An official from Canada’s second-largest pension plan today warned US legislators against introducing rash, protectionist laws aimed at curbing sovereign wealth fund involvement in private equity.
Canada Pension Plan Investment Board’s chief executive officer David Denison called for politicians to look “beyond the labels” of sovereign wealth and realise its importance to US economy.
He said pension funds such as the CPPIB, which managed C$119.4 billion ($121 billion) at the end of 2007 for 17 million Canadians, were increasingly reliant on the free flow of cross-border capital owing to the country’s economic size and demographics.
Denison also said many pension funds could be caught out by legislation targeted at sovereign wealth because, as in CPPIB’s case, they were set up by governments.

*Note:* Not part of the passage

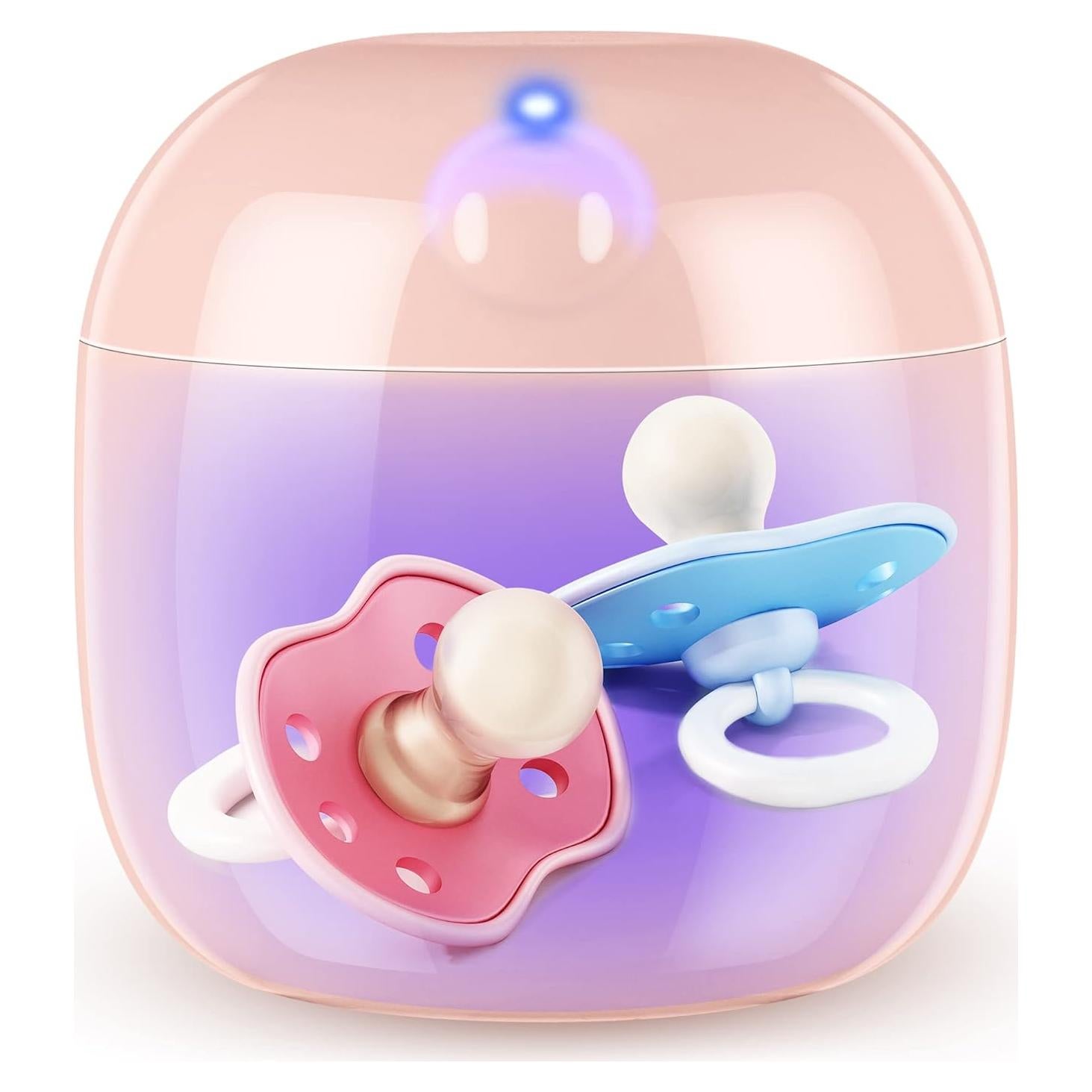 Desinfectante Portátil de Chupetes Qualirey Rosa, Luz UV 99.99%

This bill would be a blow to the retirement security of teachers while doing nothing to ensure a better world.
Dana Dillon, CalSTRS chair
“Although we have the word `Canada’ in our name and were created by an act of Parliament … [we are] in short a familiar private sector model, but with public accountability,” he told the House Financial Services Committee’s special task force on sovereign funds.
Denison’s testimony comes as a California legislators are set to debate a proposed bill, AB 1967, that would prevent the US’ two largest pension schemes, the California Public Employees’ Retirement System (CalPERS) and California State Teachers’ Retirement System (CalSTRS), from investing in private equity funds and firms partially or wholly owned by some sovereign wealth funds. At issue is sovereign wealth funds with links to countries that have not signed at least five of six international treaties on human rights.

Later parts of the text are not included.